Amidst challenges around slowing demand and GST rate cuts implemented from September 2025, many of the larger states have recorded a decline in GST collections this fiscal year. Analysis of data from the Comptroller and Auditor General of India shows that 9 out of 24 states and union territories, for which data is available, have witnessed a contraction in GST collections between April and November 2025 compared to the same period in FY25.
States which have recorded a decline include larger states such as Tamil Nadu (-2.3 per cent), Kerala (-4.1 per cent), Odisha (-7.4 per cent) and Madhya Pradesh (-2.7 per cent).
“This year has quietly revealed a deepening fault-line inside the GST system,” an tax expert said. While national GST has held up at about 6-7 per cent growth, he noted that nearly half the states have struggled to cross 5 per cent growth or have slipped into contraction because the revenue engine itself has changed.
According to him, FY26 growth has been driven largely by import IGST and settlements flowing to a handful of large consumption and logistics hubs, while net domestic GST has been weighed down by rising refunds and tighter input tax credit controls.

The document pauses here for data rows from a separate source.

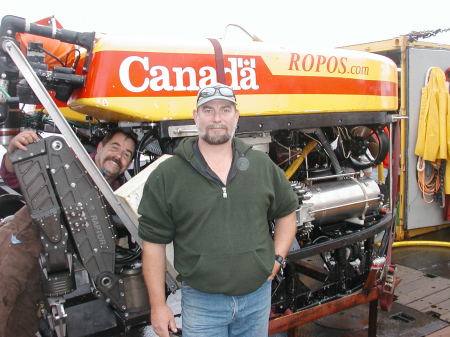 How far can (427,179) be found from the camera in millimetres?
5062

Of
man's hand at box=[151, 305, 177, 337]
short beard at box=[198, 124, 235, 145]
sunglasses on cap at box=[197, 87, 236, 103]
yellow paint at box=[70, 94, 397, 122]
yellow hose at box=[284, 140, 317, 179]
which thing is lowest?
man's hand at box=[151, 305, 177, 337]

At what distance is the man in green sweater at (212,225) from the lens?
5.95 ft

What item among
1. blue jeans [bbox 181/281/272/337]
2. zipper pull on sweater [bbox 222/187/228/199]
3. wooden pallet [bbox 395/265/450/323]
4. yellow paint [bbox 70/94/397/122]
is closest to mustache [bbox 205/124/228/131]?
zipper pull on sweater [bbox 222/187/228/199]

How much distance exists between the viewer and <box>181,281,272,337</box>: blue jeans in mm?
1892

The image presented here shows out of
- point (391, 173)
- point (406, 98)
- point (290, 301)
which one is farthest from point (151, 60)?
point (406, 98)

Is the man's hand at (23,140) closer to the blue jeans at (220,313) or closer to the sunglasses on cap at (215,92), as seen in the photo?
the sunglasses on cap at (215,92)

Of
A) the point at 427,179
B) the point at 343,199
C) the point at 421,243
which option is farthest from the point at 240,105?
the point at 427,179

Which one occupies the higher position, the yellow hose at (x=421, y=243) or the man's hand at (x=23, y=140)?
the man's hand at (x=23, y=140)

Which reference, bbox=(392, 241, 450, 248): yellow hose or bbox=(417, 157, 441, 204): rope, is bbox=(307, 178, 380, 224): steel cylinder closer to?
bbox=(392, 241, 450, 248): yellow hose

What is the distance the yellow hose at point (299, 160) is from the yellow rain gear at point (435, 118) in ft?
7.66

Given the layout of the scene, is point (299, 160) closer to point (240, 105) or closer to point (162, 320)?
point (240, 105)

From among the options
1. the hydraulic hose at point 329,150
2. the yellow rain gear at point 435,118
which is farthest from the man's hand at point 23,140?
the yellow rain gear at point 435,118

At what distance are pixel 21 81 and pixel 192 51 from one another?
884 millimetres

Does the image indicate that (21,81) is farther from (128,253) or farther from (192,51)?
(128,253) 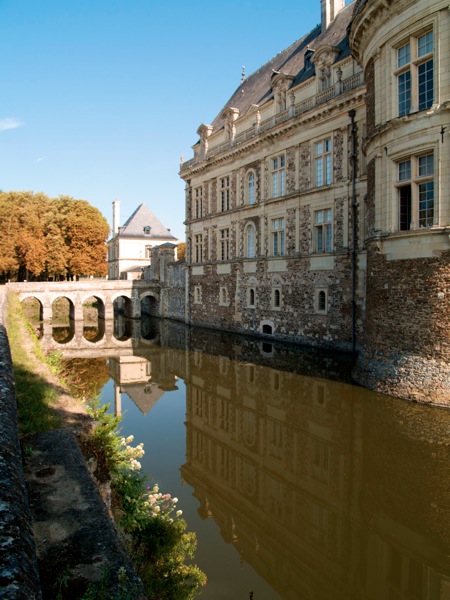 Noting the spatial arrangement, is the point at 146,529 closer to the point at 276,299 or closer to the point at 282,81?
the point at 276,299

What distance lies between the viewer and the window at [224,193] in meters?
25.5

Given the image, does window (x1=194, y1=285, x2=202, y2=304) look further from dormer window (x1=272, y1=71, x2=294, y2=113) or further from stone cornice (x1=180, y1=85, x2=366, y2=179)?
dormer window (x1=272, y1=71, x2=294, y2=113)

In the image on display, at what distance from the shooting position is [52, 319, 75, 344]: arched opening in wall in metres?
24.5

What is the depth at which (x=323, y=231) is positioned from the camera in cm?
1873

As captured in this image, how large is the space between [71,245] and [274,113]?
25108 millimetres

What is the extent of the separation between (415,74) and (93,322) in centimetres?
2787

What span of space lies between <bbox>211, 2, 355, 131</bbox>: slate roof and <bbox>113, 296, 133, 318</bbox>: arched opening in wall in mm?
14650

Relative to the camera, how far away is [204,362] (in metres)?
17.0

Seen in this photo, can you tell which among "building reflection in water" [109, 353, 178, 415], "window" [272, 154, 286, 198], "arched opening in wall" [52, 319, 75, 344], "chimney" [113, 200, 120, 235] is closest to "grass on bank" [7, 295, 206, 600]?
"building reflection in water" [109, 353, 178, 415]

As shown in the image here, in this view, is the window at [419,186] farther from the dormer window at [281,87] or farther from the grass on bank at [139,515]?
the dormer window at [281,87]

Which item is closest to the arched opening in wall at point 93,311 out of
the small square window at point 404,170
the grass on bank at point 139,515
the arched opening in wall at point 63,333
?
the arched opening in wall at point 63,333

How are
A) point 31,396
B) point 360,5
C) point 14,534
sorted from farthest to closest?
1. point 360,5
2. point 31,396
3. point 14,534

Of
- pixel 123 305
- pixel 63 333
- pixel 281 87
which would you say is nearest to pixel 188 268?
pixel 63 333

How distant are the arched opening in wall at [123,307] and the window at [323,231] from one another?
1926cm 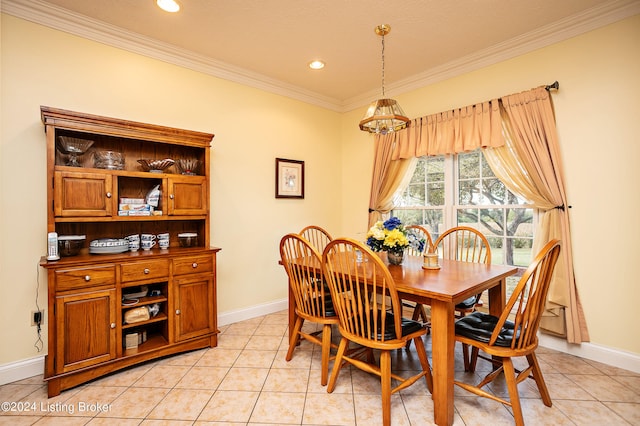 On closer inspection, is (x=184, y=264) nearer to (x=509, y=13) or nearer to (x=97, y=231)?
(x=97, y=231)

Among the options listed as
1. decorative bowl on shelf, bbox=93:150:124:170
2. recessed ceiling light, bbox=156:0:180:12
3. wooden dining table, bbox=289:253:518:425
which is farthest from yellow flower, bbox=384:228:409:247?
recessed ceiling light, bbox=156:0:180:12

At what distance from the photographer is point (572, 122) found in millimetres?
2533

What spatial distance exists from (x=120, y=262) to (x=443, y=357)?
2.26 meters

Many of the States have managed sluggish growth, below 5 per cent in GST collections. This category includes large consumption-oriented states such as Karnataka (4.9 per cent), Uttar Pradesh (4.1 per cent), and Telangana (3.4 per cent).
Only 10 states crossed the 5 per cent growth mark, highlighting how GST momentum has narrowed. Haryana led the growth chart with a 22.4 per cent growth, followed by Assam (20.7 per cent), Sikkim (15.9 per cent), Maharashtra (11.4 per cent) and Punjab (10.8 per cent).
In absolute terms, Maharashtra remained the largest contributor, adding ₹12,111 crore to GST collections during the period, despite slower growth than last year. Haryana (₹5,589 crore), Uttar Pradesh (₹4,189 crore), Gujarat (₹3,699 crore) and Karnataka (₹2,998 crore) followed.
Experts said that states with strong manufacturing, logistics activity, deeper formalisation and large IGST settlements have outperformed, while smaller and consumption-light states remain more exposed to refund volatility and compliance tightening.
For state finances, the April-November data offer early caution. With GST compensation no longer in place, fiscal outcomes are becoming more uneven, increasingly tracking real economic activity and compliance depth rather than broad-based GST buoyancy.